• GOAL OF THE EXERCISE
Given the material below, return only the lines starting at the line with "Cască Moto Integrală" and ending at the line with "Sandnes Garn ALPAKKA", exactly as they appear.

• SOURCE MATERIAL
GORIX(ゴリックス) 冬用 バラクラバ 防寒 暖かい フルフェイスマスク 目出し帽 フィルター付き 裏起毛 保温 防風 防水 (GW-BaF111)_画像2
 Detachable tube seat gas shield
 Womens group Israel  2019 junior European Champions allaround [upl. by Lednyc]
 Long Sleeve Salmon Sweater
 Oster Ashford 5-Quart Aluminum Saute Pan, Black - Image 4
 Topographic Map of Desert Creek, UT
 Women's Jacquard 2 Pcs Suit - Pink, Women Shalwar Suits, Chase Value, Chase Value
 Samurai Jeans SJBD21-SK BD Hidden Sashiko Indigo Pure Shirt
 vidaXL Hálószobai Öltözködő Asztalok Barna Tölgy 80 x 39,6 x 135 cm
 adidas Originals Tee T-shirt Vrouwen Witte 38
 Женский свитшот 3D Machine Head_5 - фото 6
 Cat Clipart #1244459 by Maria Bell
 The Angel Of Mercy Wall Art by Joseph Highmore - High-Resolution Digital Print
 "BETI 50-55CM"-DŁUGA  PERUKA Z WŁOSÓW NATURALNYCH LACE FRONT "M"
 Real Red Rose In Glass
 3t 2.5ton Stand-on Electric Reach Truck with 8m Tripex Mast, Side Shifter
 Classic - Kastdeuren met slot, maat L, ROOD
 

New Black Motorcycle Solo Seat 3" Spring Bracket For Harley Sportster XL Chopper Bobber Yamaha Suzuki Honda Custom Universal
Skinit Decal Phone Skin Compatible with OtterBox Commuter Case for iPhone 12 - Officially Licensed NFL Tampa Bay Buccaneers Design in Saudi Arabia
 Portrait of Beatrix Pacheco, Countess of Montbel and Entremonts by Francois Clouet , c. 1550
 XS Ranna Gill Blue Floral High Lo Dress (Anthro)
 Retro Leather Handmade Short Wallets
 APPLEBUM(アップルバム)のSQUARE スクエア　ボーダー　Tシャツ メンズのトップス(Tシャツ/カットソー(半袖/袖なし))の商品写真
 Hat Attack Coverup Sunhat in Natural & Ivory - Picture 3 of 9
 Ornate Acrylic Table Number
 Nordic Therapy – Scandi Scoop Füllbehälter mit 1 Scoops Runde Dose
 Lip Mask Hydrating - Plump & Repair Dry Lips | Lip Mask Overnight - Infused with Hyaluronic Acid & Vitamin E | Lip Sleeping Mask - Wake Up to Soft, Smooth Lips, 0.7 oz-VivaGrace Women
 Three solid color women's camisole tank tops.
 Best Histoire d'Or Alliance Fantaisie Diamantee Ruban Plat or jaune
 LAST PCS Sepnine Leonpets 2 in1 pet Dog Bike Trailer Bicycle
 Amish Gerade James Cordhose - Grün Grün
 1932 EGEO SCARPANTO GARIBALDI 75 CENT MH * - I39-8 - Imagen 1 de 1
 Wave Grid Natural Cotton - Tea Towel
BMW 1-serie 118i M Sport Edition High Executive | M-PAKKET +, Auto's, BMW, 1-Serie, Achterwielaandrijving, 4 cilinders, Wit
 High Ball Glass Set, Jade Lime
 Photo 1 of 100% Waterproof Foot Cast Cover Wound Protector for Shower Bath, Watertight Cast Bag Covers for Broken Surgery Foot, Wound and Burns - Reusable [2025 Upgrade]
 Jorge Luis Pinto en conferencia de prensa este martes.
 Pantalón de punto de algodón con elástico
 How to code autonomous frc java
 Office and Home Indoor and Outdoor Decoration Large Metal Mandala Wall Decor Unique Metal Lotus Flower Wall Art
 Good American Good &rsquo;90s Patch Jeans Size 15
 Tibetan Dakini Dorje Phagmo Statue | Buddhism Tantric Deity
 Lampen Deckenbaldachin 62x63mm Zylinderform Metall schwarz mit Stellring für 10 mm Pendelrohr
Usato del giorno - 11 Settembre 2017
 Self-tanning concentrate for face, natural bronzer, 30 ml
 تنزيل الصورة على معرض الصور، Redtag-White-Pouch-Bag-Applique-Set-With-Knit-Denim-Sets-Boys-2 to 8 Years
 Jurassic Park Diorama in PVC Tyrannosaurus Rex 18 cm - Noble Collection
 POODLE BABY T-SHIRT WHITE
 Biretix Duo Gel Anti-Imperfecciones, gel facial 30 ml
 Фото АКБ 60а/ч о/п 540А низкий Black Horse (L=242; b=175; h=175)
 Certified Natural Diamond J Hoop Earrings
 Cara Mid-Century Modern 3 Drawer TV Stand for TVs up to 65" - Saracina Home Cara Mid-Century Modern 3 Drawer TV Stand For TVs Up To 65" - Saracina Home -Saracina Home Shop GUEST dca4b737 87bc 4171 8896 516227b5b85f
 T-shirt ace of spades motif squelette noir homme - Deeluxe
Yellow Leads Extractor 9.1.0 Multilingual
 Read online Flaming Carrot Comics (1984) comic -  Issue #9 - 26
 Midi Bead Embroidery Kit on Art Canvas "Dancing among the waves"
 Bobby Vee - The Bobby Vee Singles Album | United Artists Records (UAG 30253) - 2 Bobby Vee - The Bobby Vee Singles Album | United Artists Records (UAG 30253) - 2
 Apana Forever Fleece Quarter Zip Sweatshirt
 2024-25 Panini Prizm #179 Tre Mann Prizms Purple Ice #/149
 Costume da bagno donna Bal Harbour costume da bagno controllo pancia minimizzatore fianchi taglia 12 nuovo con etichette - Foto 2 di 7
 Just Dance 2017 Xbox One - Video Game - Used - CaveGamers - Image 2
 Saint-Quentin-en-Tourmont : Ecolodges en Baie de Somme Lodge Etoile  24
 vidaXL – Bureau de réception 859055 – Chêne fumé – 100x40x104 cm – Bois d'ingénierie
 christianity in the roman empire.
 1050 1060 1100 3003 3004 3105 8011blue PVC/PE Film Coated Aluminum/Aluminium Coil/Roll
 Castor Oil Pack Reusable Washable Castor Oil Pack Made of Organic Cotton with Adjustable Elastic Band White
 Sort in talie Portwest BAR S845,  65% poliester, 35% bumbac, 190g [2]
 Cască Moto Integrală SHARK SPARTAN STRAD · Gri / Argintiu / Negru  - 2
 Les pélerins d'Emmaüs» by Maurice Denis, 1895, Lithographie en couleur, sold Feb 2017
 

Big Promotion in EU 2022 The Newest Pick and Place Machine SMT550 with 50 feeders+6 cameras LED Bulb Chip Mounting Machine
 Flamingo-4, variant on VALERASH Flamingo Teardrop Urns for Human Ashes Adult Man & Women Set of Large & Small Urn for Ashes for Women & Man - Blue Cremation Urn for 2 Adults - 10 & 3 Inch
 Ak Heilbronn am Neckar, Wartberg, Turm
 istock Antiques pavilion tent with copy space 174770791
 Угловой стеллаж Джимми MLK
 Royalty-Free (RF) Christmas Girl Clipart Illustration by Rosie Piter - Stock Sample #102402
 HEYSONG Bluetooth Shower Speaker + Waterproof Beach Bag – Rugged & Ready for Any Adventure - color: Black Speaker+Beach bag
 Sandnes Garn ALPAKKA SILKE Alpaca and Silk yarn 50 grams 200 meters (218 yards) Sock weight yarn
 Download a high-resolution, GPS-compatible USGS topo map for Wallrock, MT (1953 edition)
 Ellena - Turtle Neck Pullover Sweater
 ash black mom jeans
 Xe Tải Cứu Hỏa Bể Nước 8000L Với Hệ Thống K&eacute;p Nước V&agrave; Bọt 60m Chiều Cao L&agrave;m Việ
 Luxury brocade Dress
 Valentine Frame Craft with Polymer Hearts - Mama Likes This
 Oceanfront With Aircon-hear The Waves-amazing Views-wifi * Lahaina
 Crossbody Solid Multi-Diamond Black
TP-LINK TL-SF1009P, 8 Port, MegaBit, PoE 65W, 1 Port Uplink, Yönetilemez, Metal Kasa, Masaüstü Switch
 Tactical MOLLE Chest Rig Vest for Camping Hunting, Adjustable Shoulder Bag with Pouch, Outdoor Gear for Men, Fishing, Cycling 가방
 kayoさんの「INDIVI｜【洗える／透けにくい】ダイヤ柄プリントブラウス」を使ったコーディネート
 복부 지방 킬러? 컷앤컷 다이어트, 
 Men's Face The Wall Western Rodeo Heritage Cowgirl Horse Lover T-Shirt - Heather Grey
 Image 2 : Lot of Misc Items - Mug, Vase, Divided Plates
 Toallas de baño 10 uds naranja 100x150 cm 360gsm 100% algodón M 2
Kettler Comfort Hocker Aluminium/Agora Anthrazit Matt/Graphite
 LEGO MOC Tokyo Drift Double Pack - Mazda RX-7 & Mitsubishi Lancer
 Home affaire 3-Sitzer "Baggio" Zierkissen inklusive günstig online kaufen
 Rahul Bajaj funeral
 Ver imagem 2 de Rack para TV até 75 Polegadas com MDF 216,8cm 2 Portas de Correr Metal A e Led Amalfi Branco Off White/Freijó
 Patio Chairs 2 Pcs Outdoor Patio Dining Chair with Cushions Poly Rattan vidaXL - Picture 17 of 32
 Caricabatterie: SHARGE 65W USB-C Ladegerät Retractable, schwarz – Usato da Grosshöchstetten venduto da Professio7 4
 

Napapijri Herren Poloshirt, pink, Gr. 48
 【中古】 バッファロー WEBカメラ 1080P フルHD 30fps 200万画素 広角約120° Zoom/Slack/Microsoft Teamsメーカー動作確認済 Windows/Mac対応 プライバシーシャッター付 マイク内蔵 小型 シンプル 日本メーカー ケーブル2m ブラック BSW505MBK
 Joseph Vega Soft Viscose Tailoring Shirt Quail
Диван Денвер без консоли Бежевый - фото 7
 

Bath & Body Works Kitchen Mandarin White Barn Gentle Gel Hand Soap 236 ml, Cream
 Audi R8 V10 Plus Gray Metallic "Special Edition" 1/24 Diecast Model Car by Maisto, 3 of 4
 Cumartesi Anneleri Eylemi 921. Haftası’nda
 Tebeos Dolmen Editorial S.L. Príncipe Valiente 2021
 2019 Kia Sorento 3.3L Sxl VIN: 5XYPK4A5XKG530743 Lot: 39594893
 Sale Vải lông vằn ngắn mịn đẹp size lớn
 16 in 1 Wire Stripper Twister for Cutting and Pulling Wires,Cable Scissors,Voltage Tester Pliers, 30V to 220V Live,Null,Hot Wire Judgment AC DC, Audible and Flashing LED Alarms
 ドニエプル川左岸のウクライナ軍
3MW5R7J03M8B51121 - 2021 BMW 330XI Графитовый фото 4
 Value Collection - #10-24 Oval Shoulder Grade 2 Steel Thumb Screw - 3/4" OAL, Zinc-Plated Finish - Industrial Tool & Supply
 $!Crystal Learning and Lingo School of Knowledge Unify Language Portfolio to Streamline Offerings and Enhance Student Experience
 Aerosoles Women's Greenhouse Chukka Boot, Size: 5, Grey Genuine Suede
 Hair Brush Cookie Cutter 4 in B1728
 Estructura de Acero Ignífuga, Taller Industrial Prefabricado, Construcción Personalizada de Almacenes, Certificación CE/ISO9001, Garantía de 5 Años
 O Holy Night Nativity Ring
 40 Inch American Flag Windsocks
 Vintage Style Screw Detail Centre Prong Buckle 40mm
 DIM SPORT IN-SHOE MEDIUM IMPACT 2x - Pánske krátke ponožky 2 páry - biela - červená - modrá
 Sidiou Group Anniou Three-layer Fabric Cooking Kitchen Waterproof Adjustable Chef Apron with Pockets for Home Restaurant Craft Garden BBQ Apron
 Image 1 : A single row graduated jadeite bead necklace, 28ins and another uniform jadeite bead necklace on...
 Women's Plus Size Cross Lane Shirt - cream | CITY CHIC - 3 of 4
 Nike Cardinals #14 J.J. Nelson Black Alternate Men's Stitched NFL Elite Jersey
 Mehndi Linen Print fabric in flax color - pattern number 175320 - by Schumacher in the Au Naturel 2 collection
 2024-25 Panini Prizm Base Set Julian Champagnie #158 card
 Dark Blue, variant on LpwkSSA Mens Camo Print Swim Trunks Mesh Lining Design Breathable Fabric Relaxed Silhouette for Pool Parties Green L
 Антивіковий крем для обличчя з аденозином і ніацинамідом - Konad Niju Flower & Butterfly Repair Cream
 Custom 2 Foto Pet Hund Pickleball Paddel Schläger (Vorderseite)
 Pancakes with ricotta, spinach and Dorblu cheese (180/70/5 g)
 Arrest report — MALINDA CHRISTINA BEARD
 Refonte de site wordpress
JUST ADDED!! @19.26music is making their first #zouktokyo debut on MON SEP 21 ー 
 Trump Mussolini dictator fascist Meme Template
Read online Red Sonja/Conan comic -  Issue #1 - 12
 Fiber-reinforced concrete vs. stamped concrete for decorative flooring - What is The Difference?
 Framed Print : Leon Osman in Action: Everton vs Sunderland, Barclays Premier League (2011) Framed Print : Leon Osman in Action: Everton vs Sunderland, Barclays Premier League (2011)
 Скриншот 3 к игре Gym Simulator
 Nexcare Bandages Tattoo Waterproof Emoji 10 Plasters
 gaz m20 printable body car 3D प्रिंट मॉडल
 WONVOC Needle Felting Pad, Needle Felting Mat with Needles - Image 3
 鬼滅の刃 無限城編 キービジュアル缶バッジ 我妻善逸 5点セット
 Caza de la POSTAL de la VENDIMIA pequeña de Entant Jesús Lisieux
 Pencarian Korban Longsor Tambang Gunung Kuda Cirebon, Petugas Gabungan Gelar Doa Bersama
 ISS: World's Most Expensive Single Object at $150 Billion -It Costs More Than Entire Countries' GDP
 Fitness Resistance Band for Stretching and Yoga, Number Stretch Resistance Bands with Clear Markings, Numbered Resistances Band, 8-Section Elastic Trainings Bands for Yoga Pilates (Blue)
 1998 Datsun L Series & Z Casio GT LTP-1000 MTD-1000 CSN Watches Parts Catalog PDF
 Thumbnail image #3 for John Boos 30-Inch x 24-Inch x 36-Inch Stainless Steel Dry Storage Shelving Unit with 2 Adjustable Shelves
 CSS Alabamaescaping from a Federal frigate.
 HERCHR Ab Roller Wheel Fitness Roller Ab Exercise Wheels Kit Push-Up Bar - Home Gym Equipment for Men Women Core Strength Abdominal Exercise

• OUTPUT OF THE EXERCISE
 Cască Moto Integrală SHARK SPARTAN STRAD · Gri / Argintiu / Negru  - 2
 Les pélerins d'Emmaüs» by Maurice Denis, 1895, Lithographie en couleur, sold Feb 2017
 

Big Promotion in EU 2022 The Newest Pick and Place Machine SMT550 with 50 feeders+6 cameras LED Bulb Chip Mounting Machine
 Flamingo-4, variant on VALERASH Flamingo Teardrop Urns for Human Ashes Adult Man & Women Set of Large & Small Urn for Ashes for Women & Man - Blue Cremation Urn for 2 Adults - 10 & 3 Inch
 Ak Heilbronn am Neckar, Wartberg, Turm
 istock Antiques pavilion tent with copy space 174770791
 Угловой стеллаж Джимми MLK
 Royalty-Free (RF) Christmas Girl Clipart Illustration by Rosie Piter - Stock Sample #102402
 HEYSONG Bluetooth Shower Speaker + Waterproof Beach Bag – Rugged & Ready for Any Adventure - color: Black Speaker+Beach bag
 Sandnes Garn ALPAKKA SILKE Alpaca and Silk yarn 50 grams 200 meters (218 yards) Sock weight yarn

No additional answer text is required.